Los catalanes pueden quedarse con 'La bohème', la butifarra y los 'chiquets' de Valls. El que quiera toros, que vaya a Nimes
No van por ahí mis tiros. Me gustan las corridas de toros pero, si se me permite la heterodoxia, quizás lo que menos me apetece sea ir a la plaza, subir interminables y empinados escalones, soportar con la espalda erguida las dos horas y pico que duran y aguantar al vecino que me echa en los ojos el humo. Prefiero verlas en la tele y leer sobre el asunto. Es un arte en el que los que destacan han de tener subliminar genio matemático, dominio de la armonía. La tauromaquia, algo que conocen de sobra los buenos aficionados, es la ciencia para desarrollar una peligrosa misión, donde todos los movimientos están previstos, el tiempo tasado, las partes de la lidia definidas y casi todo regido por el número tres, arco y clave de la Fiesta. Y complementar todo ello con el otro protagonista al que no le han podido enseñar ni a embestir, algo que debe conseguir el diestro como en muchos otros asuntos, los mayores enemigos sean quienes la desconocen, y la fiesta de toros es algo que solo ve una minoría de la población, hoy ampliada gracias a la tele.

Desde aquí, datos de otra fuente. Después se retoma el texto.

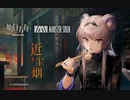 【アークナイツ】Official Music Video『近尘烟』
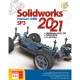 SolidWorks Premium 2021 SP3 2DVD9 گردو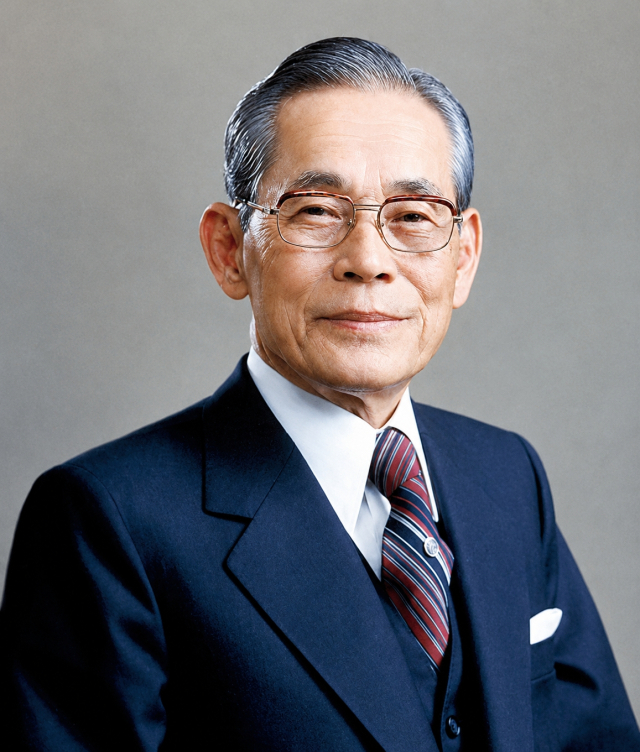 삼성 창업주 호암 이병철(1910-1987). 호암재단 홈페이지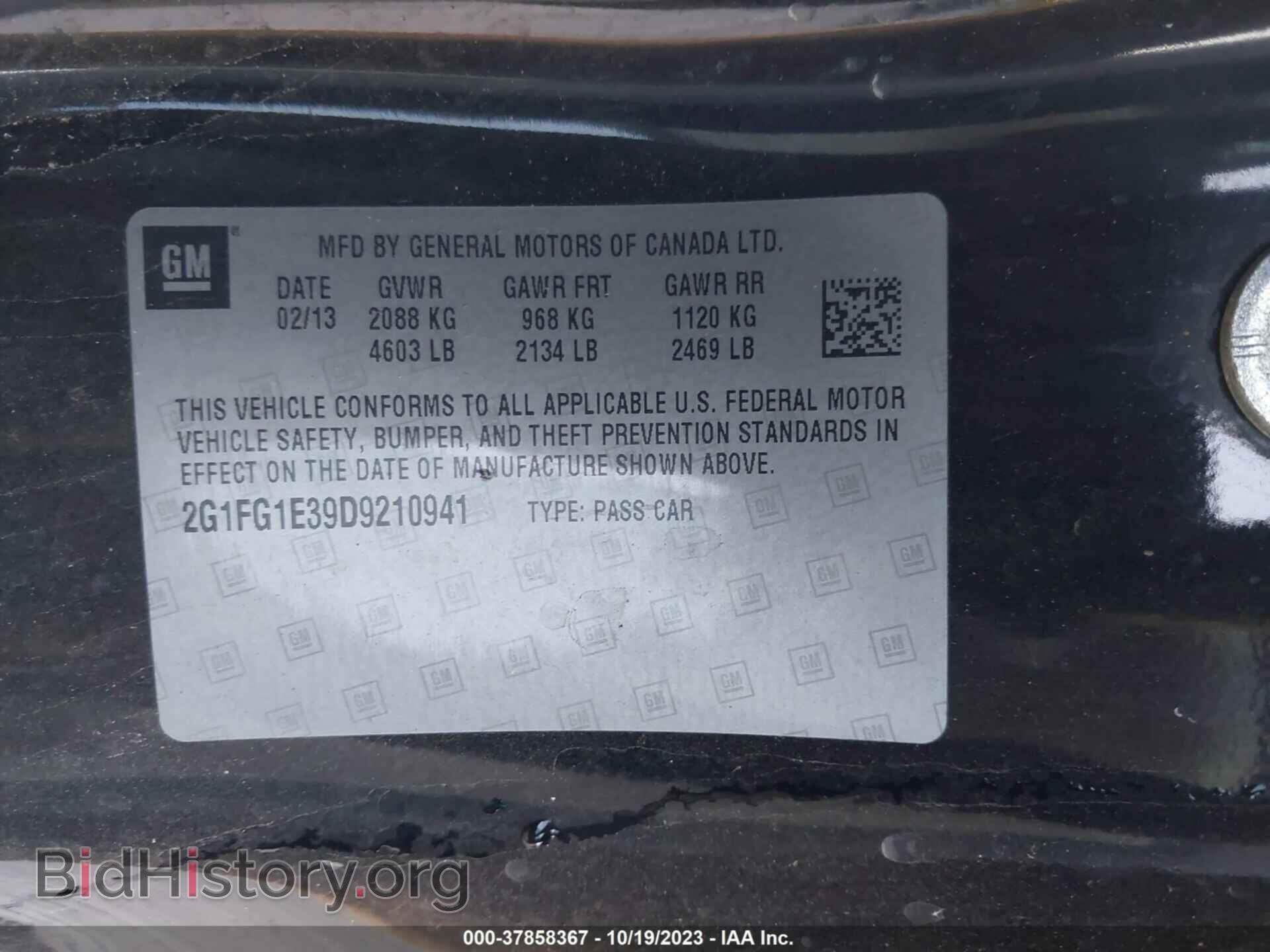 2013 CHEVROLET CAMARO - VIN: 2G1FG1E39D9210941 - Фото 9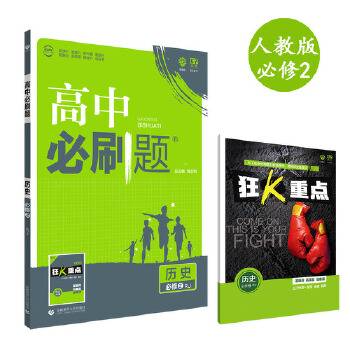 理想树67高考2020新版高中必刷题 历史必修2人教版 高中同步练习用书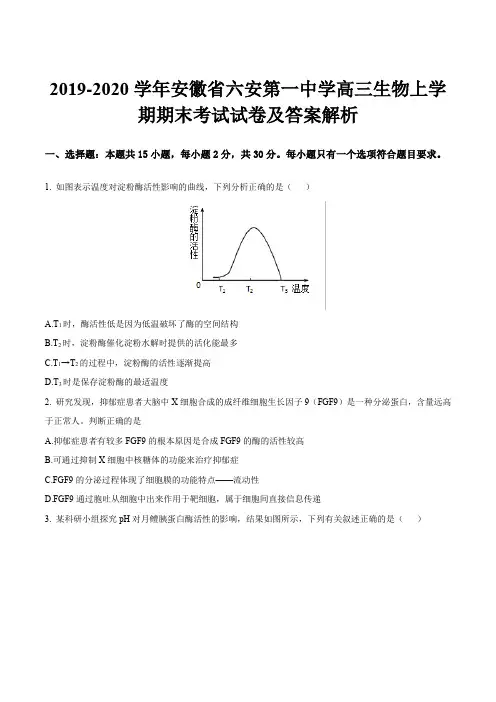 2019-2020学年安徽省六安第一中学高三生物上学期期末考试试卷及答案解析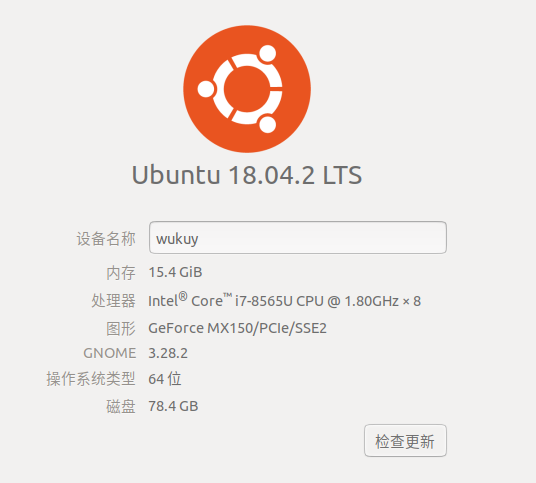 ubuntu独立显卡驱动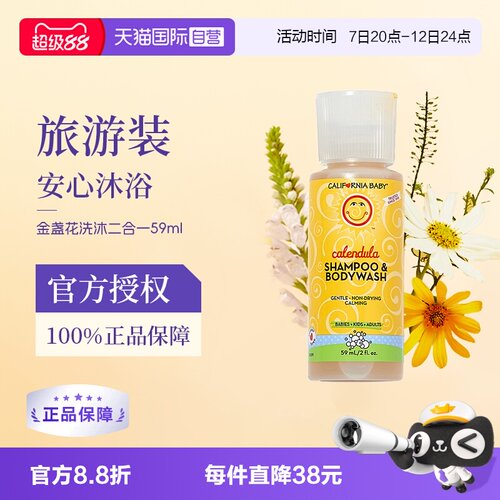 加州宝宝金盏花洗沐二合一59ml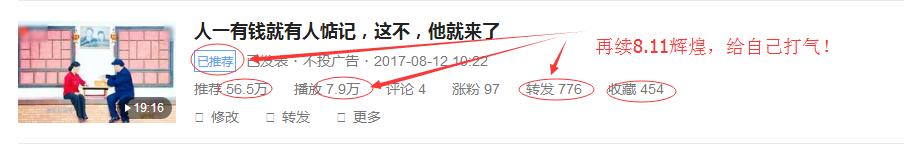 第一次分享头条号,头条17天转正技巧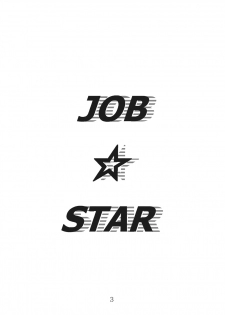 [Dark RoseEX-S (Hirooki)] JOB☆STAR (Final Fantasy V) - page 2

Dicen que es un espectáculo cruel, inhumano, antiético y se me ha ocurrido, como punto de vista puramente polémico, anteponer a esa fobia algo muy caro a los catalanes, mejor dicho a los barceloneses en una medida, aún más restringida que las corridas: la ópera. Sólo a efectos dialécticos me enfrento a los abonados del Liceo ¿Se han parado ustedes a considerar el efecto desastroso y pesimista que destilan la mayoría de las óperas? Son una apología del asesinato, del adulterio, de los peores y más bajos instintos humanos. Desde que se inventó en su versión moderna, han visto la luz más de 800. En Il trovatore la protagonista se envenena y su amante es decapitado. En Rigoletto, muere la hija del payaso a manos de un sicario; En Carmen, el inefable Don José acaba matando al novio de la cigarrera gitana y a ella misma, ¡en una plaza de toros!; en Tosca, el baron Scarpia tortura y asesina al pintor Mario Cavadarosi y la novia de éste se tira al Tíber (río de Roma, no otro personaje); Otelo estrangula a su amada Desdémona y se suicida Borís Godunov acaba como una regadera tras haber intentado escabechar al zarevitch. Esto es lo que van a escuchar los burgueses catalanes, en el Liceo, como alimento artístico y espiritual. Desde un punto de vista de educación humana, la única ventaja que veo en esa demostración elitista, es que en el patio de butacas no se fuma.
No son cantidades equivalentes en la ecuación toros-ópera, pero algo hay que decir, para justificar que haya quien guste de la lidia de un toro bravo y quien se ponga en pie para gritar esa misma palabra: ¡bravo, bravo, bravo! después del aria final donde, por exigencias del monótono guión, se queda solo el superviviente.
La verdad es que mientras dura la polémica los hombres no se van por las tabernas ni se habla de la crisis, el desempleo y ese otro camelo a largo plazo que es el cambio climático. Por mí, los catalanes pueden quedarse con La bohème, la butifarra y los chiquets de Valls. Y el que quiera toros que se vaya a Nimes.